A small city by comparison, only about 777,000 people in a peninsular of 47 sq mile (122 sq km). It is framed by the Pacific Ocean on the west and the San Francisco Bay to the north and the east. Connected by glorious bridges, the walkable undulated city offers gorgeous glimpses of the ocean and the bay with salt-sprayed wind in any hilly streets. It is famous for its cable cars, rollercoaster streets, the Alcatraz, the golden gate bridge, the romantic summer fog.... SF is chic, has an offbeat innovation and a self-effacing quality so transparently missing from brassy NY and plastic LA. It almost has a village feel to it every time I return from mega-crowded, fast-pace Asian cities.

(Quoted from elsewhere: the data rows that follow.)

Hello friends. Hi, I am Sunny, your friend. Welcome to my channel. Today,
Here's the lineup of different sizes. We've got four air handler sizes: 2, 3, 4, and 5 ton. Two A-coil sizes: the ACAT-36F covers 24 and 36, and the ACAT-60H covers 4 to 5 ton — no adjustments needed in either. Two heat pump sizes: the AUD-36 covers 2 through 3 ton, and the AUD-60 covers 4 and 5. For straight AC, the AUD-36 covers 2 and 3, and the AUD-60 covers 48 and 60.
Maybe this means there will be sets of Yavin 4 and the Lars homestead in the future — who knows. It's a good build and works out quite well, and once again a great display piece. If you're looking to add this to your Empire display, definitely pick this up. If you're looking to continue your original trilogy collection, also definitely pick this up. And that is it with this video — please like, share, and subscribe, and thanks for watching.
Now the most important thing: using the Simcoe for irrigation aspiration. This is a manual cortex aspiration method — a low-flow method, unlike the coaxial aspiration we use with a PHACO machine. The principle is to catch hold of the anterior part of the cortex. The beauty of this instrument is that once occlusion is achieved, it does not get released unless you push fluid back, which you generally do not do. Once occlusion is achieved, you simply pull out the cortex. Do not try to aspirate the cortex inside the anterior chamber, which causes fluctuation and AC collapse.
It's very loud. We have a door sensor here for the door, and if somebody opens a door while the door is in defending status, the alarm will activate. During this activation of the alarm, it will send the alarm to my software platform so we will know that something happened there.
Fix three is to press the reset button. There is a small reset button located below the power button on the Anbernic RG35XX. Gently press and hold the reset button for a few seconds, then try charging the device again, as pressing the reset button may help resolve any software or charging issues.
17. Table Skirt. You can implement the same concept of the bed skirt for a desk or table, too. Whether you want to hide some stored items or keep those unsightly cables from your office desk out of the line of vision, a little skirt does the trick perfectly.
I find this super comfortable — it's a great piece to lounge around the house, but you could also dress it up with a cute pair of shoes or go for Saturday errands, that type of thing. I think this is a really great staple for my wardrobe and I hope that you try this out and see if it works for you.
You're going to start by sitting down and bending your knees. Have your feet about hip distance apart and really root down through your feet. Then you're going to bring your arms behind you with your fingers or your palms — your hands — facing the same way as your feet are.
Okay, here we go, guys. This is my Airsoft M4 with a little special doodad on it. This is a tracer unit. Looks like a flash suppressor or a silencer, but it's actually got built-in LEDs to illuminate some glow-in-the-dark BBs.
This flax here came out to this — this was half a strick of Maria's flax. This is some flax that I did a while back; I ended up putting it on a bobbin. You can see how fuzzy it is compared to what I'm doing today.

It is a liberal, energetic and diversified city – has a population of about 50% white, 30% Asian, 14% Hispanics and a mean age of 36.5 years old. And with the wild Pacific Ocean at its side and the mountains a couple of hours away, SF is one of my favorite cities. The tourists feel the same – more than 16 million yearly. The homeless feel the same too. There are more and more of them in the streets now.
Although a tad lesser then the rest of the country, SF flaunts its share of big super new cars on super huge roads, feeds off over-consumerism, chomps over-nutritious meals and quaffs ethnocentricity…not unlike other developed self-satisfied cities in the world.
Living in a city, though small, is still exhausting and quite distracting. I need to be back to the soil.
It’s been more than a month now since I’m back in this other world. Feel quite disconnected from the world I have left on July 20th. Although I have left Made and the gardeners a list of things to be done while I’m gone and try to touch bases via sms now and then, there is not much news of the Place – Made always seems to have problems with his Hotmail. 

The qi has gone into a permanent hiatus; Sifu has pretty much stubbed me out of his mind – a natural ephemeral interest that plagues us all.
Still I think
of the Place daily and hope to see green when I return. In this other world, I’m preparing for the return, the world of gardening is still very much with me – I have been saving organic seeds of every kind, visited and worked in a organic farm just last week, buying on-line and off-line all kinds of healing and gardening books, will be attending a month-long intensive yoga teacher certification course soon….
Unsure what all these are leading to – I’m taking things one step at a time.